Chronique et interview par François Kärlek

Découverte sur les conseils d’un ami, je trouve l’œuvre de Céline Rosenheim assez fascinante pour qu’elle mérite d’être mise en avant.

1) D’un côté, nous avons les écrits : « A l’encre de tes veines » (2012), « Hiver noir » (2014), « Diabolus in Musica » (2015), « En la forêt de triste amertume » et « Consolament » (2020).

Profondément sombres, les deux derniers romans (ceux que j’ai lus) sont empreints d’un voile romantique et gothique, avec une patte identifiable et une ambiance commune.

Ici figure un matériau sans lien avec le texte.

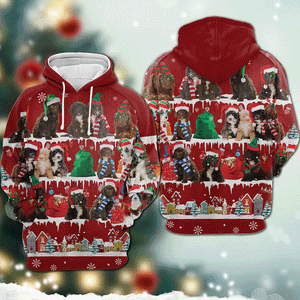 Sproodle - Snow Christmas - 3D Hoodie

Consolament se déroule dans un univers médiéval, extrêmement réaliste puisqu’il s’appuie sur les croyances cathares et guerres que cela génère, mais les extrapole avec une touche de fantasy, et ce dès l’introduction abordant de manière littérale le thème des anges déchus. Axé autour du personnage de Dame Ermessende qui doit défendre ses terres tout en vivant sa vie de femme, l’histoire aborde de nombreux sujets à travers un foisonnement de personnages : le déclin des sociétés en tant de crise, la prévalence de l’intérêt collectif sur le personnel, le rapport au sacré…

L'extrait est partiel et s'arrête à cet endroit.